Fetching POCO classes instead of entity classes

Posts   
 
    
ddp74
User
Posts: 9
Joined: 04-Jan-2024
# Posted on: 19-May-2025 23:10:58   

V5.11. .net 4.7.2.

We load a lot of data and I've been experimenting with QuerySpec and POCO classes and the difference memory consumption is night and day.

For example, loading 12 million full entities via an EntityCollection (using adapter) for a particular call (I know - it's a rediculous amount of data) is causing our worker processes to jump to >10GB of memory. The table is just 5 IDs and a string column.

// Build the bucket
IRelationPredicateBucket bucket = new RelationPredicateBucket();
bucket.Relations.Add(CustomListOptionMappingValueEntity.Relations.CustomListEntityUsingListIdListVersion);

// Handle the sub query
HandleSubQuery(bucket);

// Get the collection
EntityCollection<CustomListOptionMappingValueEntity> collection = [];
_adapter.FetchEntityCollection(collection, bucket);

If I use QuerySpec, the memory barely grows more than a few hundred MB.

IEnumerable<CustomListOptionMappingValueRecord> collection = ((DataAccessAdapter)_adapter).FetchQuery<CustomListOptionMappingValueRecord>(
       "SELECT ListId, ListVersion, CostSetId, MappingId, OptionId, MappedValue " +
       "FROM RP_CustomListOptionMappingValue"
);

However, this code is simplified for the test and it actually goes through a factory that previously would generate a bucket with a sub query and then be re-used for whatever predicates and expressions we provided to it.

Is there a way to use an IRelationPredicate bucket with FetchQuery? My POCO class CustomListOptionMappingValueRecord has identical property names to the CustomListOptionMappingValueEntity, just without all the LLBLGen stuff.

I also tried a projection, which works, but takes about 18 seconds vs 4 seconds for the FetchQuery:

List<CustomListOptionMappingValueRecord> collection = new List<CustomListOptionMappingValueRecord>();

ResultsetFields fields = new ResultsetFields(6);
fields[0] = CustomListOptionMappingValueFields.CostSetId;
fields[1] = CustomListOptionMappingValueFields.ListId;
fields[2] = CustomListOptionMappingValueFields.ListVersion;
fields[3] = CustomListOptionMappingValueFields.MappedValue;
fields[4] = CustomListOptionMappingValueFields.MappingId;
fields[5] = CustomListOptionMappingValueFields.OptionId;

List<IDataValueProjector> valueProjectors = new List<IDataValueProjector>(
[
    new DataValueProjector(CustomListOptionMappingValueFields.CostSetId.Name, 0),
    new DataValueProjector(CustomListOptionMappingValueFields.ListId.Name, 1),
    new DataValueProjector(CustomListOptionMappingValueFields.ListVersion.Name, 2),
    new DataValueProjector(CustomListOptionMappingValueFields.MappedValue.Name, 3),
    new DataValueProjector(CustomListOptionMappingValueFields.MappingId.Name, 4),
    new DataValueProjector(CustomListOptionMappingValueFields.OptionId.Name, 5),
]);

DataProjectorToCustomClass<CustomListOptionMappingValueRecord> projector = new DataProjectorToCustomClass<CustomListOptionMappingValueRecord>(collection);
_adapter.FetchProjection(valueProjectors, projector, fields, bucket, 0, false);

Naively in my mind, if I have a bucket and an open adapter, there must be a way to generate the SQL that LLBLGen would generate and then pass that SQL to FetchQuery without having to hand write the SQL myself?

Otis avatar
Otis
LLBLGen Pro Team
Posts: 39877
Joined: 17-Aug-2003
# Posted on: 20-May-2025 09:05:22   

15M is a lot smile With all the extra machinery required to keep track of changes for all these entities, memory is indeed going to be hammered. We're not doing that bad tho... https://github.com/FransBouma/RawDataAccessBencher/blob/master/Results/20231218_net8.txt#L104 but yeah it's not ideal if you just want to consume the data.

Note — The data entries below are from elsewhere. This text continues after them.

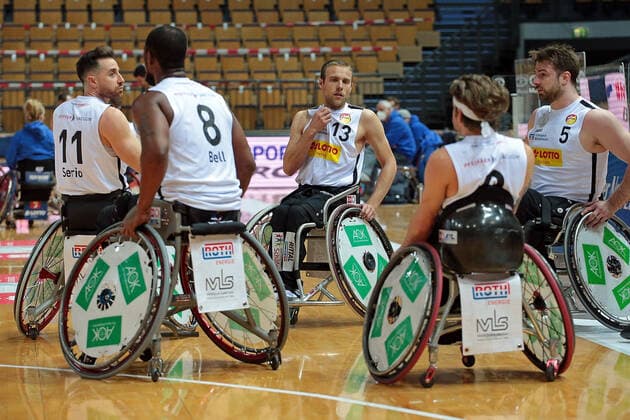 06.03.2021, xovx, Rollstuhl-Basketball 1. Bundesliga, RSV Lahn-Dill - RSB Thuringia Bulls v.l. Steve Serio (RSV Lahn-Dill), Brian Bell (RSV Lahn-Dill), Thomas Böhme (RSV Lahn-Dill), Christopher Huber (RSV Lahn-Dill), Simon Brown (RSV Lahn-Dill) Wetzlar Rittal-Arena Hessen Deutschland (DE)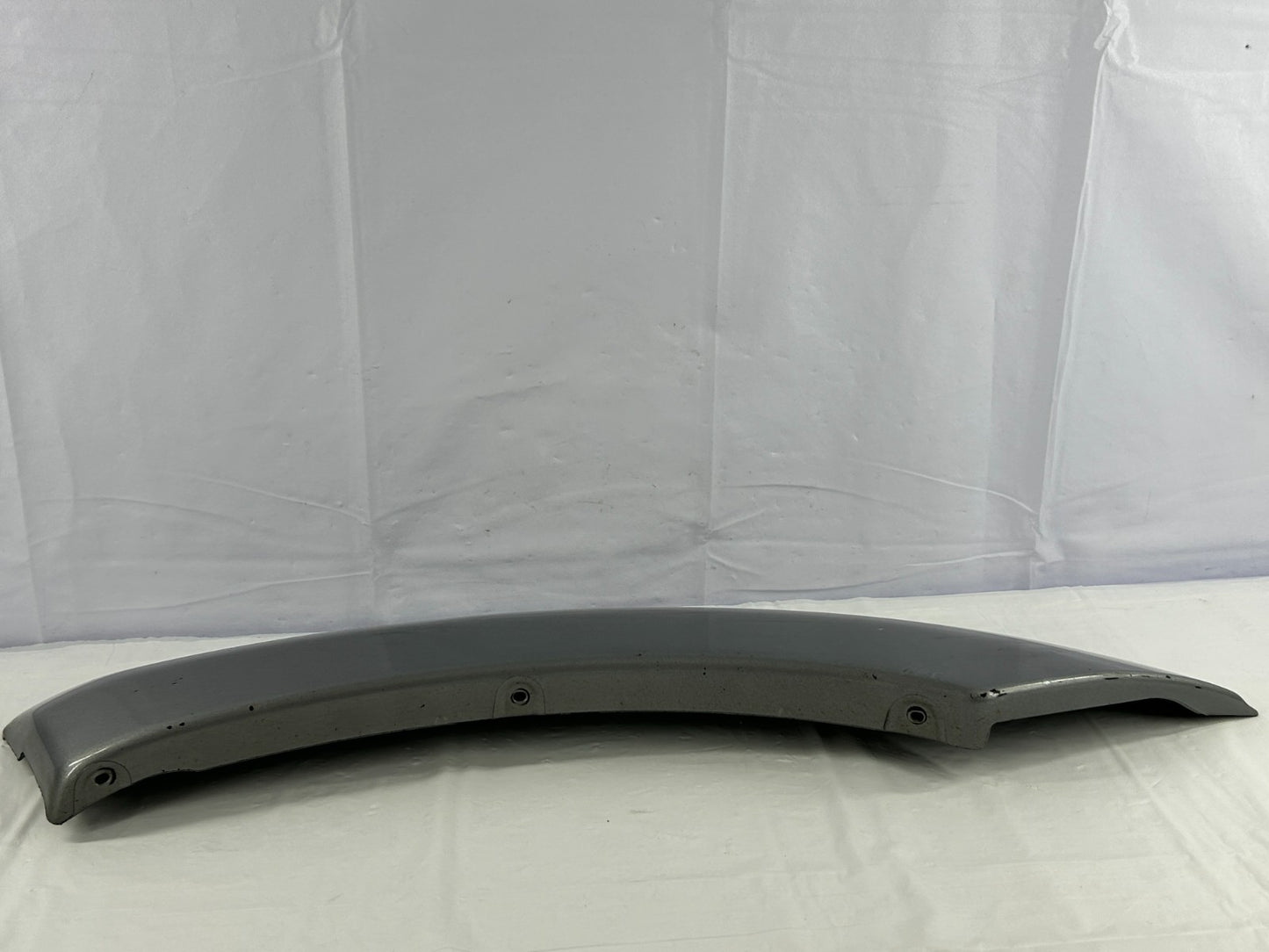 01-04 Toyota Sequoia Rear Left Door Fender Flare Molding Silver OEM 75746-0C900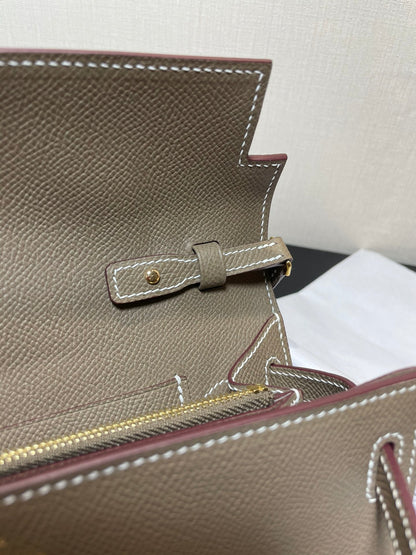 Kelly WOC 20.5 Etoupe Epsom Gold Hardware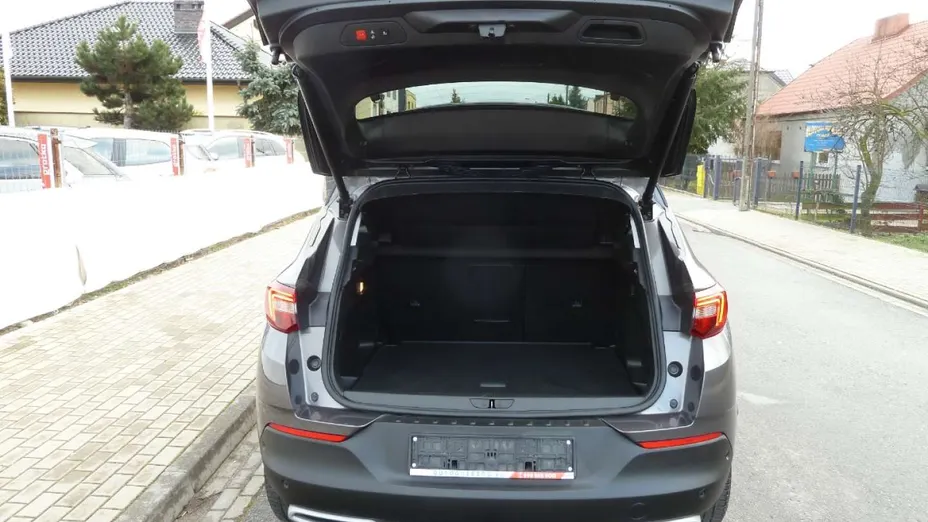 OPEL Grandland X -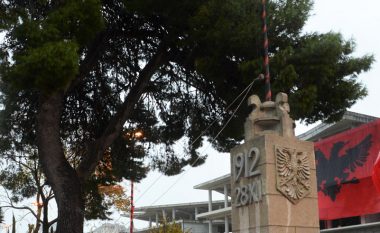 Në Vlorë ngritët flamuri si para 104 viteve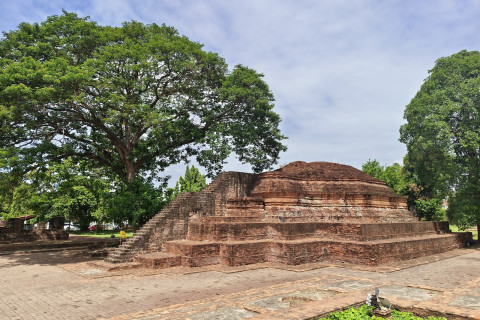 พระราชวังจันทน์ (Chan Palace) Photo 3 of 5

Besides the plain sql api, you can also use the poco projections using just the class to project into. The core difference with the projection you defined is that it generates a projection lambda that's much faster than the interpreted projectors you defined.

You likely want to use the ProjectionLambdaCreator, see: https://www.llblgen.com/Documentation/5.12/LLBLGen%20Pro%20RTF/Using%20the%20generated%20code/QuerySpec/gencode_queryspec_projections.htm#projectionlambdacreator

If your target type has more fields, you can also specify the list of fields (it's documented right above that on the same page).

QuerySpec allows you to build predicates in memory using extension methods, so you don't have to write a single SQL statement. The queryspec query you'll be defining has an extension method .Where(predicate) which accepts a predicate (so any predicate expression) which you can build with either the oldskool low level API or queryspec's extension methods.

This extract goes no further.